===== DATASET ENTRIES

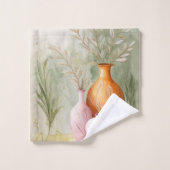 Rustige kleuren | Artistieke vaas Waterverf Bad Handdoek (Wasdoekje)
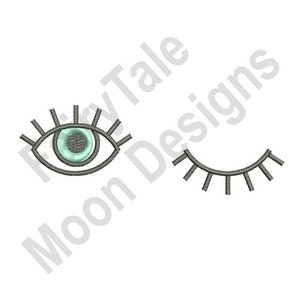 Eye Wink - Machine Embroidery Design, Human Eyes Embroidery Pattern, Closed Eye Design, Open Eye Embroidery Design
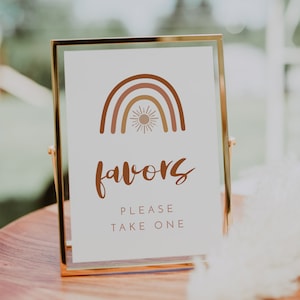 TINLEY Favor Table Sign Sign, Boho Rainbow Baby Shower Sign Printable, Gender Neutral Terracotta Sunburst Baby Shower Favor Table Sign DIY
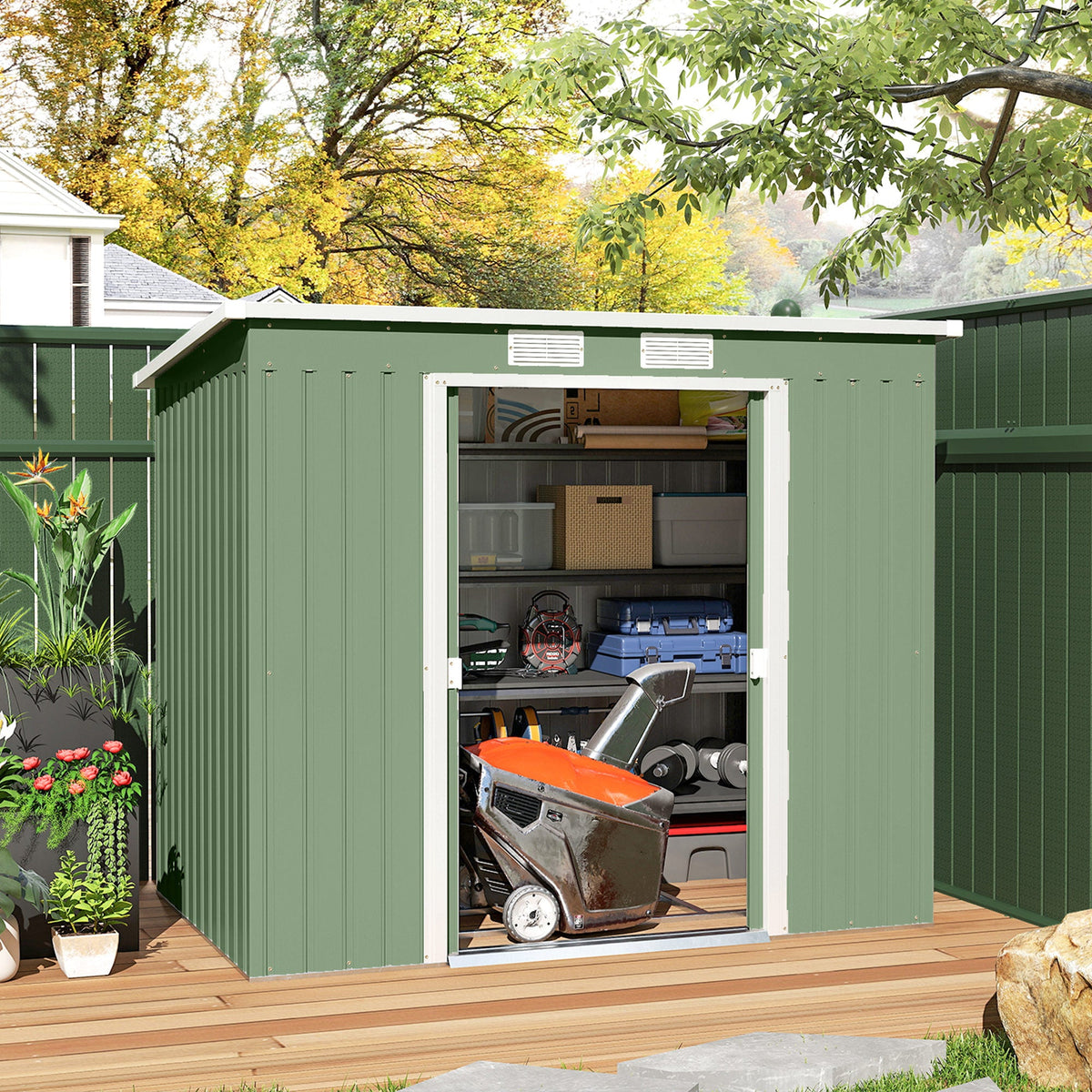 7' x 4' Galvanised Steel Garden Shed, with Foundation Kit - Green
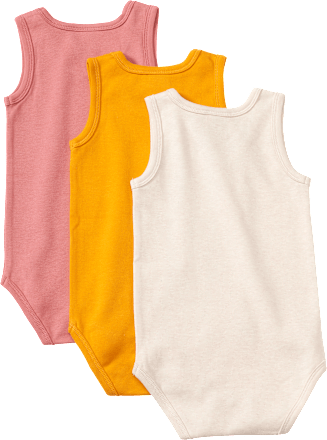 Bodys Ärmellos, rosa + gelb + beige, Gr. 74/80 ALANA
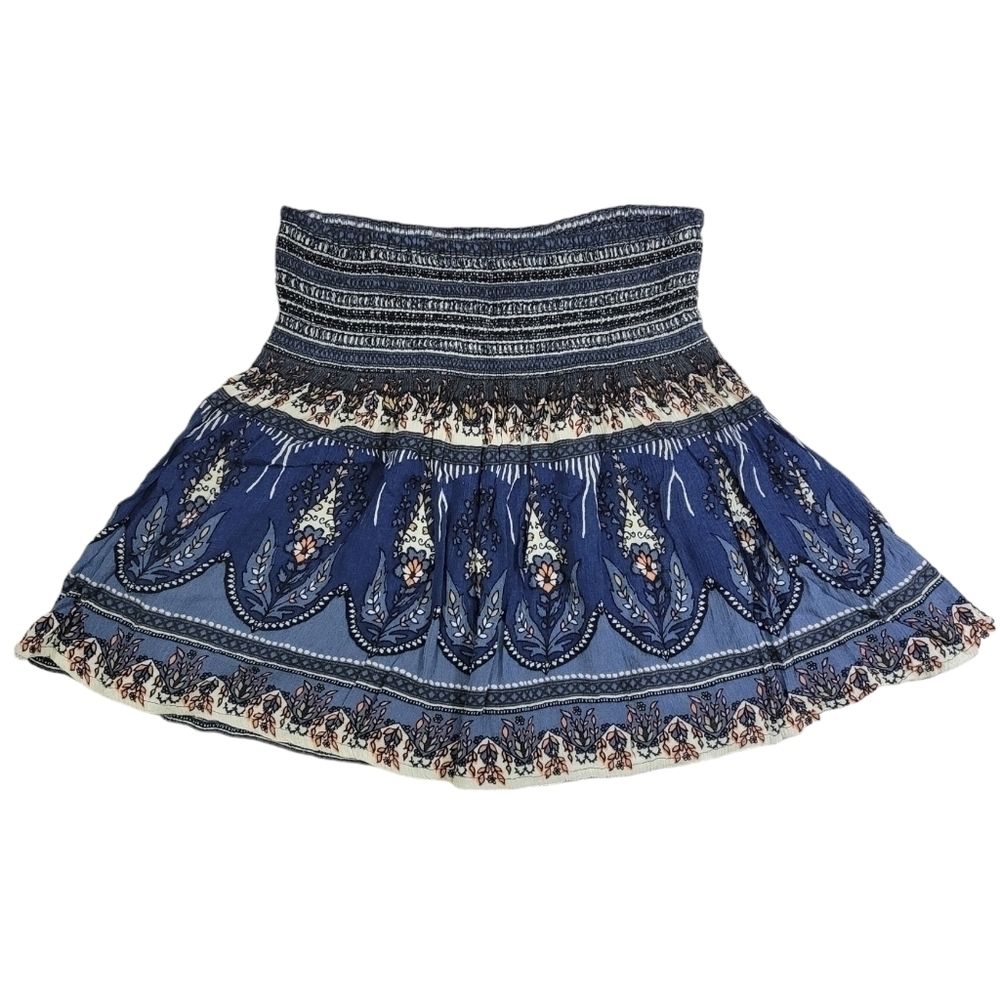 Hollister Navy/Floral Ruched Stretch Waist Mini Skirt Size‎ XS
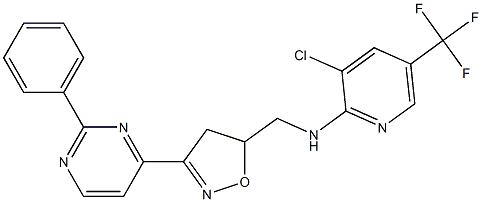 3-chloro-N-{[3-(2-phenyl-4-pyrimidinyl)-4,5-dihydro-5-isoxazolyl]methyl}-5-(trifluoromethyl)-2-pyridinamine Struktur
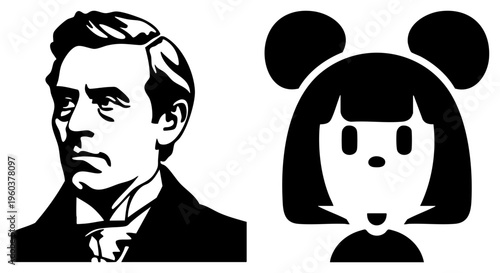 Classic male bust illustration and stylized anime girl with bear ears, black and white vector art, graphic design elements, flat style.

==========

:: TASK INSTRUCTIONS ::
The records, exactly as written but without images, should be returned.

:: EXERCISE OUTPUT ::
 Rustige kleuren | Artistieke vaas Waterverf Bad Handdoek (Wasdoekje)
 Eye Wink - Machine Embroidery Design, Human Eyes Embroidery Pattern, Closed Eye Design, Open Eye Embroidery Design
 TINLEY Favor Table Sign Sign, Boho Rainbow Baby Shower Sign Printable, Gender Neutral Terracotta Sunburst Baby Shower Favor Table Sign DIY
 7' x 4' Galvanised Steel Garden Shed, with Foundation Kit - Green
 Bodys Ärmellos, rosa + gelb + beige, Gr. 74/80 ALANA
 Hollister Navy/Floral Ruched Stretch Waist Mini Skirt Size‎ XS
 3-chloro-N-{[3-(2-phenyl-4-pyrimidinyl)-4,5-dihydro-5-isoxazolyl]methyl}-5-(trifluoromethyl)-2-pyridinamine Struktur
 Classic male bust illustration and stylized anime girl with bear ears, black and white vector art, graphic design elements, flat style.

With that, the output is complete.